Will Perform Heart Surgery for Food
Greed knows no bounds. This kind of stuff embarrasses our profession so much:
Moses deGraft-Johnson, MD, a cardiovascular surgeon in Tallahassee, Florida, admitted to performing invasive and unnecessary angiography procedures, as well as falsely billing insurance companies for more than $29 million.
Moses deGraft-Johnson, MD is the doc who saved 50 Cent’s life after the rapper presented to his trauma center with multiple gunshot wounds in 2000
I am a family doc (newly retired). I did not make a ton of money each year. I did some other projects that made me some money but really I was frugal and lived out of debt. This dude was a cardiovascular surgeon. They make a million a year! So, here is my dilemma. How much money do you really need? For this dude, a lot. Other than probably going to jail, the DOJ said it is also “aggressively pursuing” deGraft’s forfeitable assets in the U.S. and abroad, including luxury vehicles, jewelry, homes in New York, Miami, and Houston, as well as more than $1 million in cash.
You know, I am not against some docs making money in an ethical manner. Hey, if you spent 4 years in college, 4 years in medical school and then another 6 or 7 in residency then by all means, go get yours. You had to be the best of the best to be a cardiovascular surgeon. There are only so many of these doctors. I am ok with that $1 million a year. But do you to be a crook and steal $30 million more? I think not.
Maybe we will see Dr. Moses deGraft-Johnson, MD on the streets with a sign that says, “Will perform heart surgery for food”.
I don’t get the insurers. I have to fight for months to get paid $5 for doing an EKG on a patient with chest pain, but they willingly pay out millions during a calendar year to individual doctors. Can’t they set an arbitrary limit and say if your charges are over this during a certain period, we’re going to look into it?
Because you document facts and those that commit fraud document lies of symptoms/test results that compels insurance companies to pay, to avoid bad press or lawsuits.
I knew a cardiologist (setup his office as part of a hospital system), took him three months to get on staff at a particular hospital. All the while he was doing stress tests in his office. The day after he got privileges, he had his staff call the patients and tell ALL of them that they needed immediate treatment. Even those whose stress test was done three months ago. (Circa 1995)
Dr. Doug, I saw this and agree. In retirement in my ONE house I’m spending time going through boxes of old medical articles and journals, and I repair old cars against my wife’s insistence that I buy a new one (waiting for solar-powered!). When we were in med school in the early 1970s most doctors made about $40,000 a year, and you decided your specialty based on what you liked or what your mentors made you like (which is why so many in my class embraced the “new” specialty of family medicine).
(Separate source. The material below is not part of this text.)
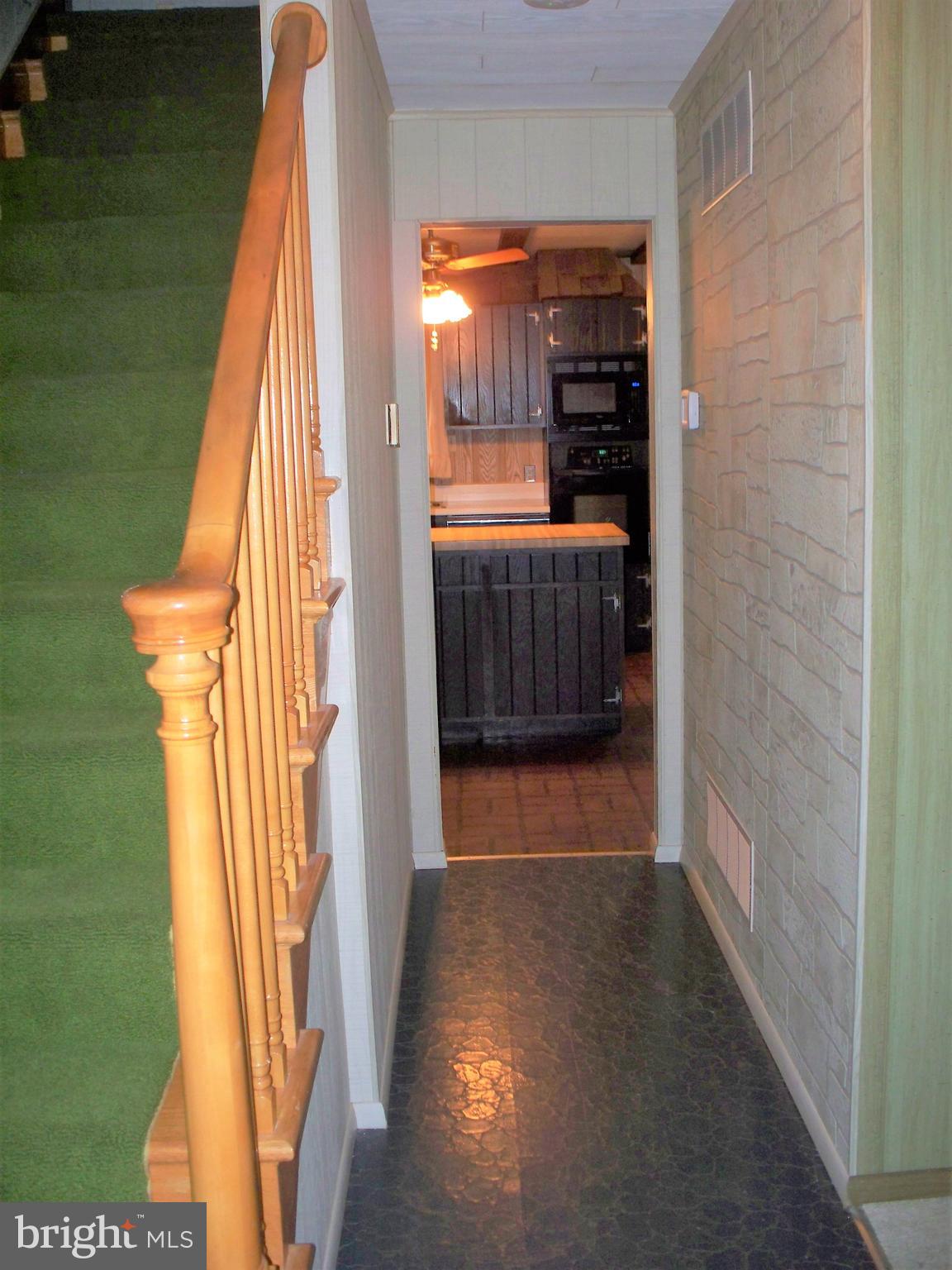 3118 Rocks Road Jarrettsville, MD 21084 - Photo 7 of 62 Entrance Foyer - Hallway to Kitchen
Then the insurance companies started excessive reimbursement which allowed even honest heart surgeons and orthopods, etc., to make over a million a year. At least Moses is going to downsize the easy way…by going to jail! As an aside regarding the idiots at insurance companies, I dutifully went for my annual BCBS “wellness” check (and a $25 gift certificate) and later received a letter from BCBS saying they denied the charge for the visit! I did something I rarely do…I wrote a letter critical of that and signed it with my MD suffix. I did get a phone message from some BCBS stooge which I didn’t answer.
You know, it is one thing to hustle selling cars or furnaces, but when it comes to health care, it is damnable. Hope he rots in the worst prison in the country. The WORST.